Sophie Brunner leads a balanced Arizona State offense, averaging 11.7 points per game.

GREENSBORO REGIONAL

Wells Fargo Arena

Saturday

1 p.m. — Sixth-seeded Texas A&M (23-9) vs. No. 11 Arkansas Little-Rock (28-4), ESPN2

3:30 p.m. — Third-seeded Arizona State (27-5) vs. No. 14 Ohio (27-4), ESPN2

Monday

Saturday winners, time TBD

"They’re so serious, but yet they have fun," Turner Thorne said. "They make it fun for themselves, and yet they show up focused and ready to get the job done.

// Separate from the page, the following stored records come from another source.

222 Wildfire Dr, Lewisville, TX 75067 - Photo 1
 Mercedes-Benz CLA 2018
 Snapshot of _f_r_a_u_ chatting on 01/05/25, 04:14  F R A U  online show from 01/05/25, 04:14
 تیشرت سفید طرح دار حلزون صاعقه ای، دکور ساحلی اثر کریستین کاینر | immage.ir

I think their maturity and their ability to balance enjoying the process as well as the hard grind of preparation has been maybe the best of any team I’ve ever coached, and I think that’s truly exceptional for them."

And that makes it easier on Turner Thorne.

She admitted a day before the NCAA Tournament opener against Ohio that she wouldn’t have predicted a 27-5 team. Yet, there turned out to be few bumps in the road to get to this point.

"I think we just have kids with big hearts that just are really competitive and passionate, and I know you might think that every athlete has that, but they don’t," Turner Thorne said. "Anything we ask them to do, they do, and a lot of times they’ll come back and they’ll want to do more. And when a coach has to shut her kids down instead of saying, ‘Hey, don’t you want to do some more shooting?’ that’s a great problem, and I think that’s a little bit more along the lines of the character of this team."

Don’t make the mistake: Last year’s Sun Devils were talented — it was mostly the same team, after all — but Turner Thorne probably won’t see it as a disappointing season. Last year was essential to developing the culture of this year’s team.

"We didn’t need to get it back; it was here," Turner Thorne said. "Now life is a lot easier when you’ve got your culture, your winning culture, and you’ve got great relationships and you can just focus on basketball."

SCOUTING THE BOBCATS

Record: 27-4

Head coach: Bob Boldon

Leading scorer: Kiyanna Black (16.8 points per game)

What’s the skinny? Ohio is known as a three-point happy team and during the 2015 season attempted shots beyond the arc on 46 percent of its total attempts, or twice the rate of Arizona State’s three-point attempt frequency.

The Bobcats get those open threes by dribble-penetration, which is a concern for ASU.

"They’ve got great penetrators, and when you cut them off, they keep their dribble and they find their teammates," Turner Thorne said.

Defensively, Ohio isn’t shabby, either. Just peek at the percentages, and it’s easy to see the winning differential. The undersized Bobcats shoot 41 percent overall but held opponents to 34 percent shooting on the year. They hold opponents to 27 percent from three.

"They play from the inside out, so it’s more of that saggy-match, sagging, switching," Turner Thorne said. "They know they’re a little bit undersized, so they’re going to just double and triple-team our post and they’re going to work really hard to take away our paint touches, and if they beat us, they beat us from the outside."